**Assignment**
Please output exactly the run of lines that starts at the line with "Quran Se Muhabbat" and ends at the last line of the records below.

**Data**
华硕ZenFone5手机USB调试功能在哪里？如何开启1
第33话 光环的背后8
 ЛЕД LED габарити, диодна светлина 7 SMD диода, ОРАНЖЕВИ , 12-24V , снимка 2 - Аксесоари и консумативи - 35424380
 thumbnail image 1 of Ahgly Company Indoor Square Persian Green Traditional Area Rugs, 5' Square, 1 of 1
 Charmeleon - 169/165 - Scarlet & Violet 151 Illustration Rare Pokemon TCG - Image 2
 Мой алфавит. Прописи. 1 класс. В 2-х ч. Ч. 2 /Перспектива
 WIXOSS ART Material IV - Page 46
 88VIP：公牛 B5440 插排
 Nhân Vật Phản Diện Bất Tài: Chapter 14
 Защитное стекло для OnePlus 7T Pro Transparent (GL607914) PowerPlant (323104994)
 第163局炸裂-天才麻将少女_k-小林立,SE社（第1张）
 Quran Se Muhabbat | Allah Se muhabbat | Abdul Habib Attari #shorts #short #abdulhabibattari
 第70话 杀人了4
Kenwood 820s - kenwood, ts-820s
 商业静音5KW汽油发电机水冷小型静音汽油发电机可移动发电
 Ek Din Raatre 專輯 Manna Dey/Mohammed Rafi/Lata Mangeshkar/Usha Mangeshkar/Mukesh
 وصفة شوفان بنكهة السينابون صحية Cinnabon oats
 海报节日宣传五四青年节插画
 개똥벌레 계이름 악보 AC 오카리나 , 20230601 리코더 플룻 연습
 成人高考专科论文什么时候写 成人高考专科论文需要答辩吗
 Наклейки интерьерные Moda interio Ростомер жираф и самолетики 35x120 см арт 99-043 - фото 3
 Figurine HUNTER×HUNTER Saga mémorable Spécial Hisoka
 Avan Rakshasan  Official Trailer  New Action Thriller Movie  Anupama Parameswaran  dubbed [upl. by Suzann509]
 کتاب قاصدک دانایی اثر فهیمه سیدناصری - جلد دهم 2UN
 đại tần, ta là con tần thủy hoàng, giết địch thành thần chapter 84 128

**Solution**
 Quran Se Muhabbat | Allah Se muhabbat | Abdul Habib Attari #shorts #short #abdulhabibattari
 第70话 杀人了4
Kenwood 820s - kenwood, ts-820s
 商业静音5KW汽油发电机水冷小型静音汽油发电机可移动发电
 Ek Din Raatre 專輯 Manna Dey/Mohammed Rafi/Lata Mangeshkar/Usha Mangeshkar/Mukesh
 وصفة شوفان بنكهة السينابون صحية Cinnabon oats
 海报节日宣传五四青年节插画
 개똥벌레 계이름 악보 AC 오카리나 , 20230601 리코더 플룻 연습
 成人高考专科论文什么时候写 成人高考专科论文需要答辩吗
 Наклейки интерьерные Moda interio Ростомер жираф и самолетики 35x120 см арт 99-043 - фото 3
 Figurine HUNTER×HUNTER Saga mémorable Spécial Hisoka
 Avan Rakshasan  Official Trailer  New Action Thriller Movie  Anupama Parameswaran  dubbed [upl. by Suzann509]
 کتاب قاصدک دانایی اثر فهیمه سیدناصری - جلد دهم 2UN
 đại tần, ta là con tần thủy hoàng, giết địch thành thần chapter 84 128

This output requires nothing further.